How to complete this task: Here the job is to transcribe the data verbatim while leaving each picture out.

Recorded information:
>>>
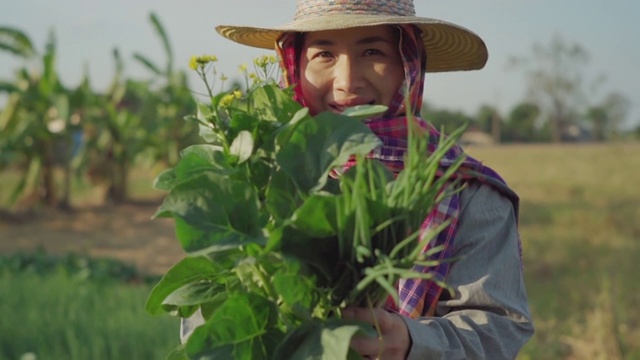 菜地里的女人笑得很开心。视频下载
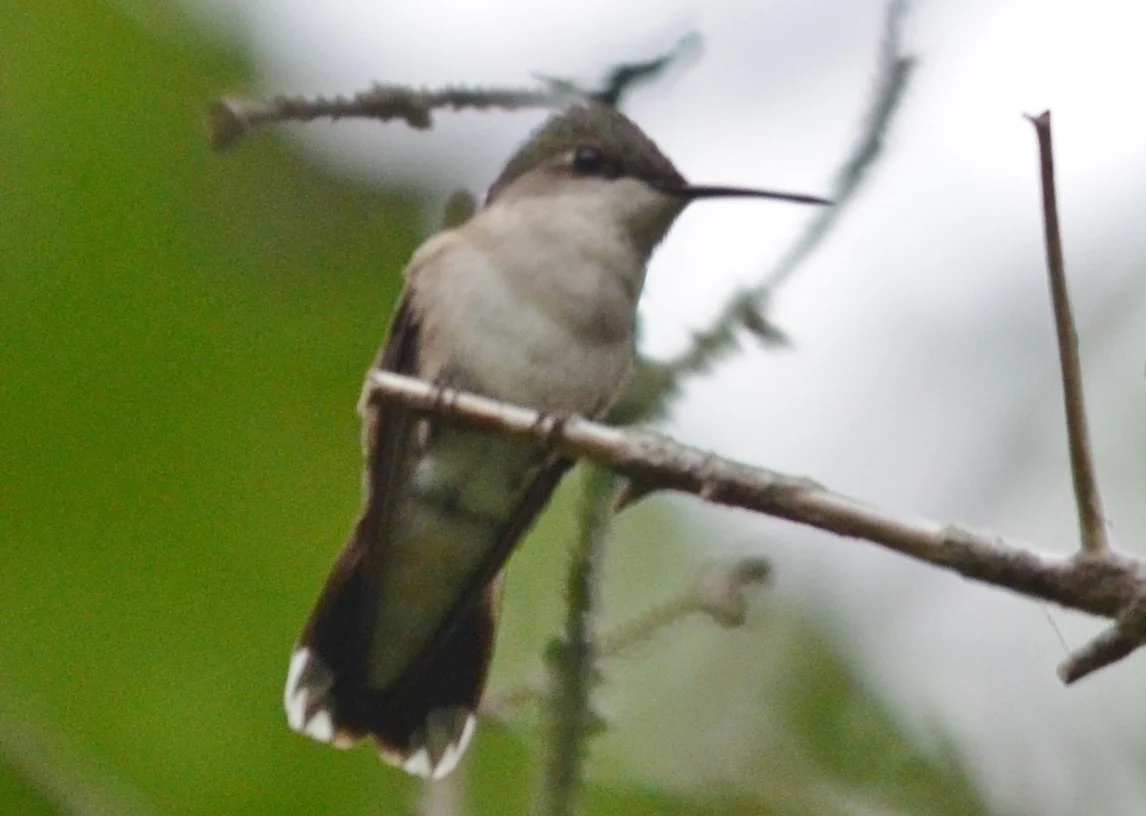 Hummingbird2.JPG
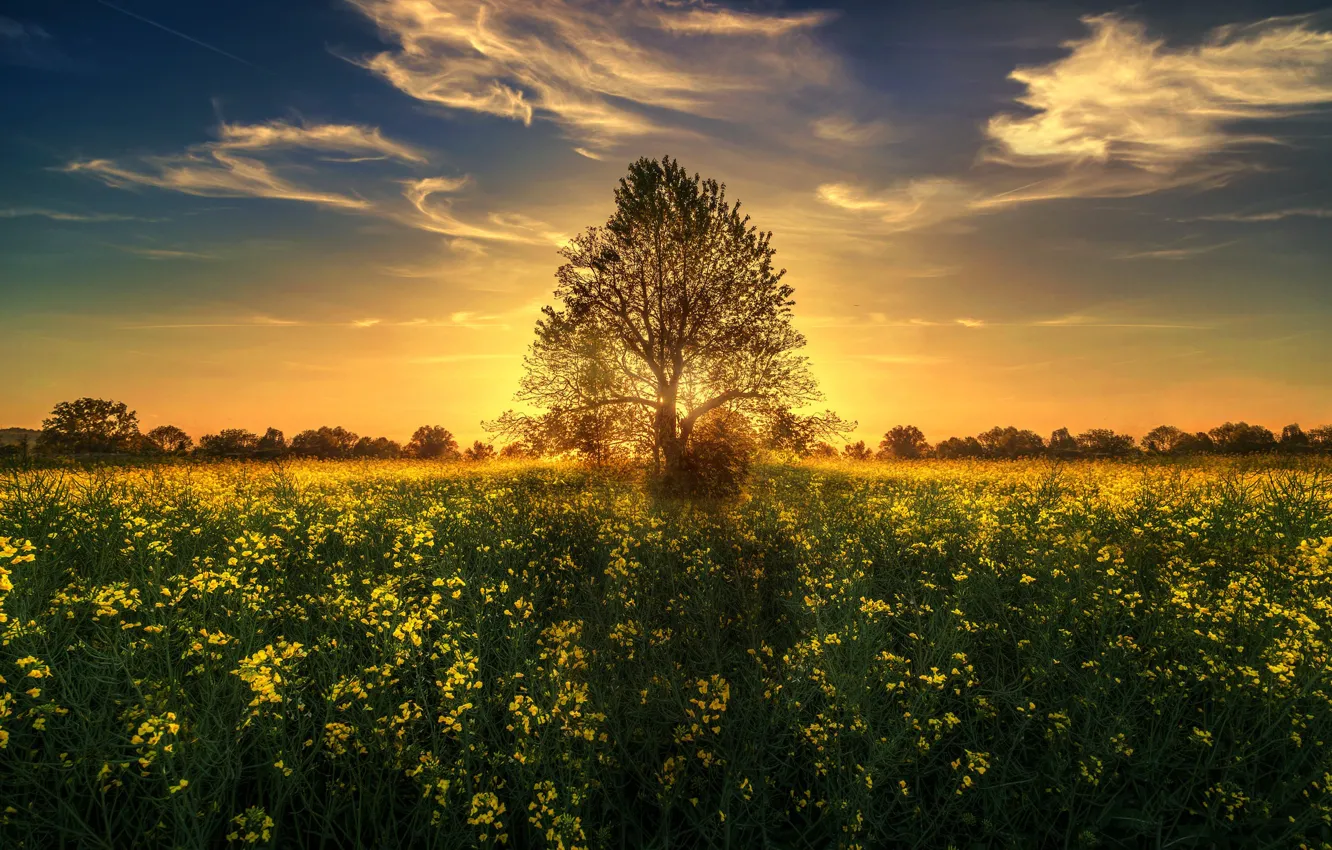 Photo wallpaper field, trees, sunset, Switzerland, rape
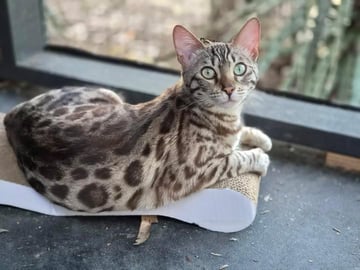 Wild Valley Yuki Available Soon AVELINE BENGAL KITTENS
<<<
Response to the exercise:
 菜地里的女人笑得很开心。视频下载
 Hummingbird2.JPG
 Photo wallpaper field, trees, sunset, Switzerland, rape
 Wild Valley Yuki Available Soon AVELINE BENGAL KITTENS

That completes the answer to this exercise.